De retour après un été survolté, où il se sera battu face aux paparazzis, aura défendu ses opinions dans les plus hauts cercles politiques, aura milité pour la survie des pingouins en Centrafrique et se sera une énième fois engagé en faveur du dépistage systématique du rhume, Gustave Borjay reprend les commandes de son emblématique blog pour aider l'écrivain amateur à accoucher de son œuvre.
En effet, s'il manque définitivement à votre récit une touche profonde, une justification poétique et philosophique en même temps, c'est peut-être bien que vous avez encore tout à apprendre du maître Borjay.

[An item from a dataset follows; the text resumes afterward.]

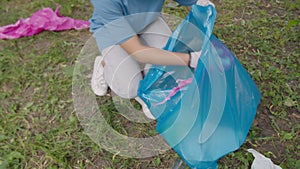 Close-up of environmental aware girl picking up plastic into trash bag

Ca tombe bien, cet article écrit par ses soins est sans aucun doute en passe de remédier - au moins partiellement - à votre problème.
Bref, pour résumer, vous avez créé une histoire terne, où un héros médiocre s'est inexplicablement détaché de la masse dans laquelle il a pourtant été élevé tel un poulet fermier dans sa ferme. Pour développer cette idée, vous avez réussi à brosser ce portrait réaliste d'un individu au passé minable devenant quelqu'un. (Si vous avez développé le portrait d'un individu minable restant minable, vous avez certes le mérite de la cohérence mais il faut souhaiter que le lecteur ne sera pas surpris par tant d'imprévu.) (Si votre individu a un passé déjà extraordinaire, il n'en reste pas moins qu'il faut faire accepter ce passé extraordinaire qui sort d'un monde ordinaire.)
Maintenant que vous avez atteint ce paragraphe, sortant victorieux de la lecture des précédents, toujours plus motivé par la découverte des conseils inappréciables de l'Ecrivain, c'est que votre héros n'a pas de fondement à sa supériorité. C'est alors à vous de choisir : hasard ou prédestination ? Dans le doute, suivez le naturel, observez autour de vous, et vous arriverez ainsi à la conclusion que suivre la nature, c'est opter pour la prédestination, pour l'élection surnaturelle.
Un exemple simple : prenons un homme dont la haute moralité est mise en doute à cause d'un livre imprudent que ce dernier a écrit, et en dépit de la chasse aux sorcières pédophiles il ne fait pas l'objet d'une poursuite du procureur, comment justifier cela ? Dîtes simplement que ce personnage est haut placé sur l'échiquier politique, ce qui lui confère ainsi une moralité à toute épreuve.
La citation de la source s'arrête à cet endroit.